-
Notifications
You must be signed in to change notification settings - Fork 24
Audioseq
Audioseq is a proprietary format for sequenced music commands, developed by Nintendo in the mid-1990s for their N64 development kits. With minor variations between games, it was used as the primary music format in several first-party N64 games, including Super Mario 64, Mario Kart 64, and the two Zelda games.
I got started on reversing the Audioseq format based on the work of messiaen
https://sites.google.com/site/messiaen64/mario-64-sequenced-music-specification
and Deathbasket
https://sites.google.com/site/deathbasketslair/zelda/ocarina-of-time/sequenced-music-format
Without their work, I would have not been able to get anywhere with this project; they figured out most of the basic commands.
In games that use this format, there is a file in the ROM (called "Audioseq" in the Ocarina of Time Debug ROM, which is where the name came from) containing the data for all the sequences in the game. This file is made up of several sequence files, one per song; and somewhere (either at the beginning of Audioseq, or elsewhere, depending on the game), there is an index of all the sequences with pointers to the start of each sequence and its length, so the single sequence can be copied into RAM at load time.

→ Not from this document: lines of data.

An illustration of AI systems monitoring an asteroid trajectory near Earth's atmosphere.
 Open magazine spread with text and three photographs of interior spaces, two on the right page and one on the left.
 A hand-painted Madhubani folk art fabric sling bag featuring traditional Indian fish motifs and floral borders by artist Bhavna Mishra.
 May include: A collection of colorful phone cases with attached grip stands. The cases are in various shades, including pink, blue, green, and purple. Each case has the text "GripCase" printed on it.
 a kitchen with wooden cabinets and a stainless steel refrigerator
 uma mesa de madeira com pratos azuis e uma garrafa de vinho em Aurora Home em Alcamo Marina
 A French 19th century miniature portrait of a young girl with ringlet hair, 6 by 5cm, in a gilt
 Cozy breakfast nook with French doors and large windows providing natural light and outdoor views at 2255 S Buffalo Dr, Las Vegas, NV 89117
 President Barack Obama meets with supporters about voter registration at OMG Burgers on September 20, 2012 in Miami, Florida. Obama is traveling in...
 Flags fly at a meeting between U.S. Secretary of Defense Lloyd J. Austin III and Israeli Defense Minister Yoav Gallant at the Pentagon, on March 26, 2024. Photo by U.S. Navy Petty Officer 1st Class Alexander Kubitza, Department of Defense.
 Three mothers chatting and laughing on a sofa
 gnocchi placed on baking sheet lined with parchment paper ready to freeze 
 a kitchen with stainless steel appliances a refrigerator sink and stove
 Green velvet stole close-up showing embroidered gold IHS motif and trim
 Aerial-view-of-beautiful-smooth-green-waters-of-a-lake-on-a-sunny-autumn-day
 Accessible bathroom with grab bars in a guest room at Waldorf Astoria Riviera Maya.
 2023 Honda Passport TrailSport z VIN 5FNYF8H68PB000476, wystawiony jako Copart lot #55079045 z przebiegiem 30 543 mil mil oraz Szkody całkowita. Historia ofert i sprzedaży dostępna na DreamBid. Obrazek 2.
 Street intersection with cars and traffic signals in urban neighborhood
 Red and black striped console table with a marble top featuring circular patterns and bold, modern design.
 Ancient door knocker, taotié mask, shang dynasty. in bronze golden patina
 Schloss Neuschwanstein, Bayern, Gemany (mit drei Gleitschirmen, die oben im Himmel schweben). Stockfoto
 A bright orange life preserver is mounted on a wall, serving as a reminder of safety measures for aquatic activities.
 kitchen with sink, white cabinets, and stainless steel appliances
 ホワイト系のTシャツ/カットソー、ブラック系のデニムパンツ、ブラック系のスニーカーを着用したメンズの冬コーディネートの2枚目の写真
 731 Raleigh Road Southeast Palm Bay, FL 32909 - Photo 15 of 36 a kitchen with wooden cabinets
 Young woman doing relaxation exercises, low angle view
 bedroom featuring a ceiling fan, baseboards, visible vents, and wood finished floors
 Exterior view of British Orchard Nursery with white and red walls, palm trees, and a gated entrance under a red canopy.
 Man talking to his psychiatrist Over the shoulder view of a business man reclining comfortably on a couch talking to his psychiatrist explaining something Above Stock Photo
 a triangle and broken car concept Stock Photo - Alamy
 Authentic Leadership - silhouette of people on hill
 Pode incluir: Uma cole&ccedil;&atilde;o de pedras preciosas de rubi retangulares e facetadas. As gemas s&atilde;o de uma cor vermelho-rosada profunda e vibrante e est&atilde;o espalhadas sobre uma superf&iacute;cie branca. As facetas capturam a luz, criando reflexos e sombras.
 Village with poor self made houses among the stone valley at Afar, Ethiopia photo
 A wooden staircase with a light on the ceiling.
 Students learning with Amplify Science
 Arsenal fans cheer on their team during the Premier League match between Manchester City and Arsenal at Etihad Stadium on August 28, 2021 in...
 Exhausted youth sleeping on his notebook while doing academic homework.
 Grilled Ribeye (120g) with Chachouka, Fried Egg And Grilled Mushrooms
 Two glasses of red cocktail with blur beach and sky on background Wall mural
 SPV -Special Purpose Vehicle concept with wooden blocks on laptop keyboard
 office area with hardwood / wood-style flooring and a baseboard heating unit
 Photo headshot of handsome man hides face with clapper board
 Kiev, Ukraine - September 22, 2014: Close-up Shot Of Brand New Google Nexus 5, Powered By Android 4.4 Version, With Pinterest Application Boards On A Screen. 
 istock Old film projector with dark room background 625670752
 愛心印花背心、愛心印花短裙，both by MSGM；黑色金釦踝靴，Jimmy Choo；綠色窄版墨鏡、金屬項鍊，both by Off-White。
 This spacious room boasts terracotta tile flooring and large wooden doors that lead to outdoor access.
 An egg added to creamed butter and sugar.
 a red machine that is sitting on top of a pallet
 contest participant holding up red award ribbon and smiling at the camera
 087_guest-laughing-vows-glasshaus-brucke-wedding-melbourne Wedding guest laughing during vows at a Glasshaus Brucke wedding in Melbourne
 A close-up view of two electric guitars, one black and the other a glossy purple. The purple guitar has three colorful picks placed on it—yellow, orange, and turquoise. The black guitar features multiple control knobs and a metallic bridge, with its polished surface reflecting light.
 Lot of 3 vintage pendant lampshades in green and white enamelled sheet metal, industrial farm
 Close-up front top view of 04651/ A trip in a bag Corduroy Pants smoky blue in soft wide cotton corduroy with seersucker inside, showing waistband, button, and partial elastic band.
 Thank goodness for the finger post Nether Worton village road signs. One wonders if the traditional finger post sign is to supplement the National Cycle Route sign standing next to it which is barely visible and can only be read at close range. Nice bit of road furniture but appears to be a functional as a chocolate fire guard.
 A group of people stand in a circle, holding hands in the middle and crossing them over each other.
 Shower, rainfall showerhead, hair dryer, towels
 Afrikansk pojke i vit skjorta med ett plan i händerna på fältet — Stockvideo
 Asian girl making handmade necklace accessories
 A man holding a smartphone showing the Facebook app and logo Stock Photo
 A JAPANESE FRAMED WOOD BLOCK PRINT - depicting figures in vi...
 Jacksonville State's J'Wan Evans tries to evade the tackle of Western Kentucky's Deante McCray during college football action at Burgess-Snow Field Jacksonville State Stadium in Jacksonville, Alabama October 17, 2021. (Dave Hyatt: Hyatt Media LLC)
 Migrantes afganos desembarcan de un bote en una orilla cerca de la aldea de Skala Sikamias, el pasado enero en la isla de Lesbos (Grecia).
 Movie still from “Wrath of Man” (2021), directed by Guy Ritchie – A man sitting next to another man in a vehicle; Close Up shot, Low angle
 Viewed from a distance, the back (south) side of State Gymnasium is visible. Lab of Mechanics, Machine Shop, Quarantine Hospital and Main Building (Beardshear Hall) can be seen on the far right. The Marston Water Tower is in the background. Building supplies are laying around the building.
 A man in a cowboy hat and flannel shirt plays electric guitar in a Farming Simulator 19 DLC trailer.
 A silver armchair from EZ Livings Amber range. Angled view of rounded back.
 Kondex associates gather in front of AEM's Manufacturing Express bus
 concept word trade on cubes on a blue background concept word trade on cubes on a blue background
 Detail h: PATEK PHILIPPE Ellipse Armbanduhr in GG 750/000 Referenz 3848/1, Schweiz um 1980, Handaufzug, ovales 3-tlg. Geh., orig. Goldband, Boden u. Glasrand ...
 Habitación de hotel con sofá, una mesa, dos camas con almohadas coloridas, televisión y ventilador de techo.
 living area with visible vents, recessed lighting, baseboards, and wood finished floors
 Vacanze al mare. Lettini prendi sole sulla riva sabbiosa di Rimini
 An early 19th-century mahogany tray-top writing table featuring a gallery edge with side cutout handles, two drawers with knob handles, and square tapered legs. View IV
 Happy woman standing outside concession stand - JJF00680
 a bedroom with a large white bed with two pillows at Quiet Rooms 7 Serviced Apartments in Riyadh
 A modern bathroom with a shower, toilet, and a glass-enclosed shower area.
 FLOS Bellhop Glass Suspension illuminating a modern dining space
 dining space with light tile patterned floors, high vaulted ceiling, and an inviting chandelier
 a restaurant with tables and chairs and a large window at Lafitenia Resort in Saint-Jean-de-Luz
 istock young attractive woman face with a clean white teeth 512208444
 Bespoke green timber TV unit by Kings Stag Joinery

The pointers in the Audioseq Index are relative to the start of Audioseq; the pointers within the sequence files themselves are relative to the individual sequence file (unless noted otherwise, in which case they will be relative to the address of the command after the current command).
A sequence file is in a stream-based format (as opposed to a struct-based format), made of commands that are read one after another (like a MIDI file). The commands fall into three categories:
- Music-related commands (e.g. track note, channel volume, pitch bend, etc.)
- Timing commands (wait a certain amount of real time before parsing the next command)
- Control commands (e.g. move playback around the sequence file in various ways)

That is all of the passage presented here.